Tonight were the parents interviews for my daughter A.’s year and not in January as we first thought. It started at 4 o’clock and when we arrived the school was already crowded with parents and students. We decided to get in line for mathematics, we waited at least 45 minutes. In total we spoke to 3 teachers, because then the time was up. Out of the 3 teachers the one from math was the only one that was able to speak on a honest and equal level with us. He was the one who saw that A. had made quite some progress emotionally, compared to last semester. We were “hopeful” and got into the next line for the class tutor who teaches Italian, geography and history. We waited over an hour in front of the class room, many parents claimed to be in front of the other because their kid had been already in line waiting. These kids were no where to see anymore and in the end the chaos was complete. What started off as a line of waiting people was just a group of people that gathered and watched the door of the class room carefully to plunge into the room whenever the door opened. At a certain point I didn’t know anymore if I was fooled or not, so I didn’t start an argument over it. It started snowing and people got more restless than before.

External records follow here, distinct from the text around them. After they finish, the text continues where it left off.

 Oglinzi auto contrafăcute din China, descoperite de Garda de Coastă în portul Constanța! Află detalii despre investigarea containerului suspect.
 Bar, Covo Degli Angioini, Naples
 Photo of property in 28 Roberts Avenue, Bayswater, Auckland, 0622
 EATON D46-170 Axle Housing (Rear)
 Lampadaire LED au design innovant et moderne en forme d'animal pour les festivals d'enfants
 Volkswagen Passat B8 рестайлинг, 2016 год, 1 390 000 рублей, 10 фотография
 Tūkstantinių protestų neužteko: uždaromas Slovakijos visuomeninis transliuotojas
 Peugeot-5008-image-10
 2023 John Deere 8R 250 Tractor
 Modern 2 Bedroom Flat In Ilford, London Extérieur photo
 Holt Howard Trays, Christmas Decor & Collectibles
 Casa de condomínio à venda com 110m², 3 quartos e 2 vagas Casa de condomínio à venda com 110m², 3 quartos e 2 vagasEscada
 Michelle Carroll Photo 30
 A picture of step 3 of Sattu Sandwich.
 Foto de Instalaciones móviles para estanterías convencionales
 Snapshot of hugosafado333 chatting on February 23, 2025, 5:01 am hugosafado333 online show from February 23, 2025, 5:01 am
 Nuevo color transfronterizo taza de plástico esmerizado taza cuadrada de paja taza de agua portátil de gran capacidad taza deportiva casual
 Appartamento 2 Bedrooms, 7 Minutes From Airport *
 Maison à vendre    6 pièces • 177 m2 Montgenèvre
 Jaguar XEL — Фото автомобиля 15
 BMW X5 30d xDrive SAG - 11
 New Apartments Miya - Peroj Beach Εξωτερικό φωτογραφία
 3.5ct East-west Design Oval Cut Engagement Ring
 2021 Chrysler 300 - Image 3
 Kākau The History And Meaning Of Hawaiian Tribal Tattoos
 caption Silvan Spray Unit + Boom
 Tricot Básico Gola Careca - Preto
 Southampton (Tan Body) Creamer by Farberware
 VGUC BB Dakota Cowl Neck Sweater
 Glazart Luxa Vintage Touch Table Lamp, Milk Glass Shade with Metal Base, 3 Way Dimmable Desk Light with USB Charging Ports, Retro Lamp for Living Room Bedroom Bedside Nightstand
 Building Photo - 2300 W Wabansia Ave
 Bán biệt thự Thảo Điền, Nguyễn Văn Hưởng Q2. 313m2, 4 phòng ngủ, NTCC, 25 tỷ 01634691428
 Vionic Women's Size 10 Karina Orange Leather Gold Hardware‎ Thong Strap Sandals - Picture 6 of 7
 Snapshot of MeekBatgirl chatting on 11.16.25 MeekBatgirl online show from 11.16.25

When we finally were allowed to go into the class room, I was physically tired of standing in the hallway for almost 2 hours in a row and we only had been speaking to 1 teacher so far. While waiting I felt this energy starting accumulating inside myself, memories of the already so many parents interviews we’ve done over the past 9 years. So many teachers who spoke, but rather not had spoken, because they spoke out of dishonesty/believes/ideas/opinions. It all made me so mad over the years. Teachers who spoke about children as if they were a number and talking behind the child’s back. Also the memories of myself while being in school are connected to this, teachers who told me who I was without even having had a good look. Yes, this energy was one of anger and of never ever having stood up for me or my child, only acting out of emotions and feelings. So we sat down with this teacher who never sees progress even if it’s in her face. We had been correcting her in a note that we had to sign about homework that according to her wasn’t done, but in fact A. had done it. Of course she referred to it and we only said the same as in the note. This is the teacher that sees all students as equally within her mind, but in real life has obvious preferences. And than out of the blue she said: ” I do treat every student equally, I do not have preferences and all students get grades on the same grounds”. We watched her carefully while she was stating this out of the blue. She started coughing and getting uncomfortable. She didn’t picture A. attending the lyceum and prepare herself for university. “Why isn’t she going to do something artistic or something with languages”, she said. Than I got mad, I said: ” It’s up to A. to make this choice and in the current world there are not many jobs for translators and artists”. I studied art and my partner P. is translator and it doesn’t provide bread on the table and that’s not just now but already the case for several years. The teacher didn’t understand me properly, I was quite mad and had a hard time making any sense so I left it there. So no standing up. I was mad about teachers that have to prepare our kids for our world/society and they do not know anything about it. Choosing a job that’s in the best interest for all that’s what counts, all other jobs are vanity or greed based.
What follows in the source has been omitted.